Yaklaşık 10 aydır devam eden adli soruşturma kapsamında Adli Tıp Kurumu’nun hazırladığı raporda, Kabaiş’in vücudunda iki farklı erkeğe ait DNA izine rastlandığı belirlendi. Bu bulgu, genç kızın ölümünün bir intihar değil, cinayet veya başka bir suç ihtimali taşıdığı yönündeki şüpheleri güçlendirdi.
Ailesi İntihar İddialarına Tepkili
Rojin Kabaiş’in babası Nizamettin Kabaiş, kızının ölümüyle ilgili yaptığı açıklamada, “Otopside iki farklı erkeğe ait DNA bulundu. Demek ki bu kişiler olayla bağlantılı. Biz gerçeğin ortaya çıkarılmasını istiyoruz.” ifadelerini kullandı.

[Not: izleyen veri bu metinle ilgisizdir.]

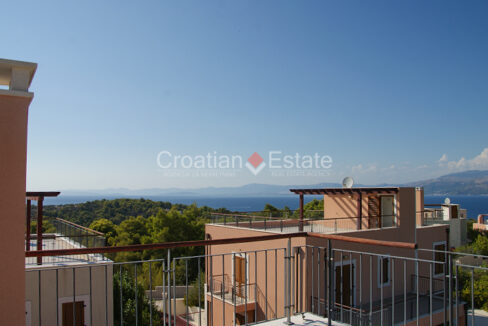croatia-brac-villa-sea-view-pool-roof-terrace-sale-3(133)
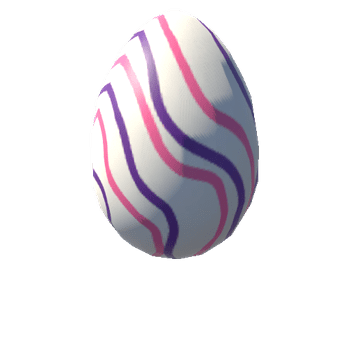 Colections_Easter_Eggs_3_10_1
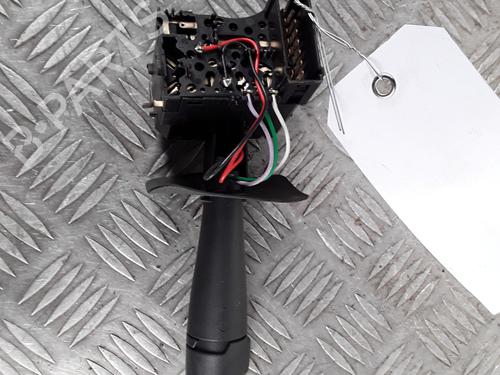 Used Switch Switch DACIA LOGAN MCV (KS_) 1.5 dCi (KS0W) (86 hp) 30940778 30940778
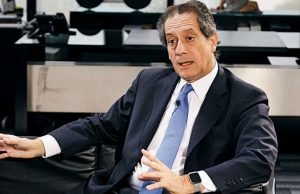 Argentina no aplicará restricciones cambiarias más fuertes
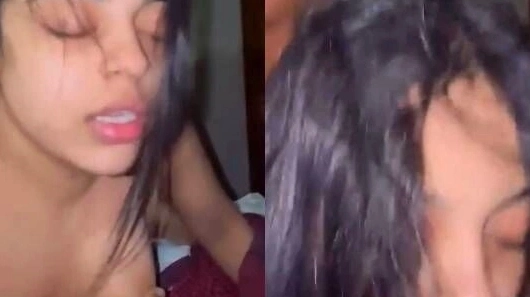 Cock sucker nude Marathi bhabhi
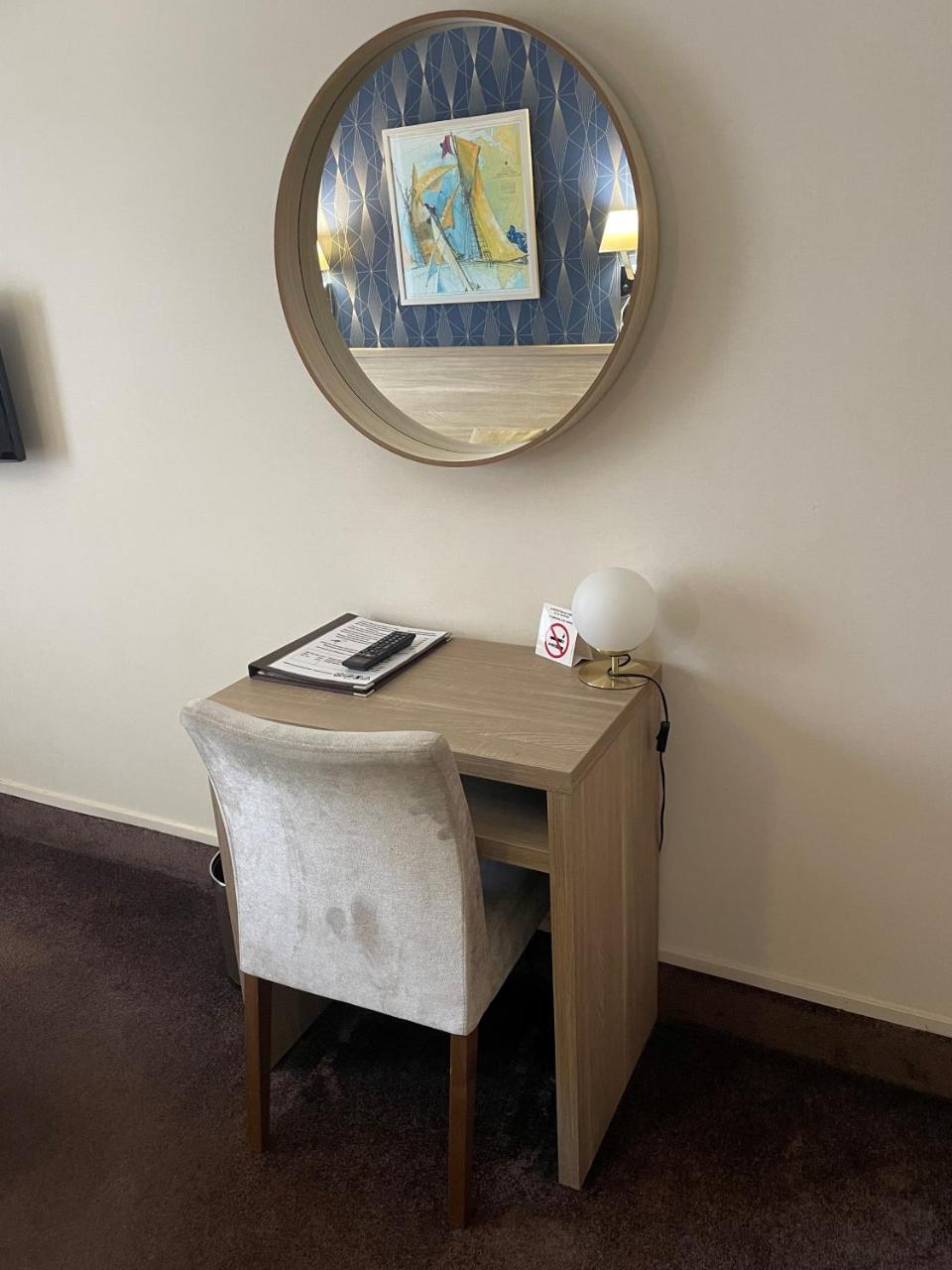 Photo - Hotel Ajoncs d'Or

Baba Kabaiş, intihar iddialarına sert sözlerle karşı çıkarak, “Eğer intiharsa kanıt göstersinler. Niye intihar etsin? İntihar edecek bir durum yoktu. Kızımın hayatında böyle bir kararı gerektirecek bir sorun olmadı.” dedi.
Soruşturmada Yeni Dönem
Adli Tıp’tan gelen DNA bulgularının dosyaya eklenmesiyle birlikte soruşturmanın seyri değişti. Emniyet ve savcılık, iki farklı erkeğin tespit edilen genetik izlerinin kime ait olduğunu belirlemek için kapsamlı bir çalışma başlattı.
Uzmanlar, DNA eşleşmelerinin netleşmesi halinde olayın aydınlanabileceğini, hatta yeni gözaltıların gündeme gelebileceğini belirtiyor. Bu gelişme, kamuoyunda da büyük yankı uyandırdı.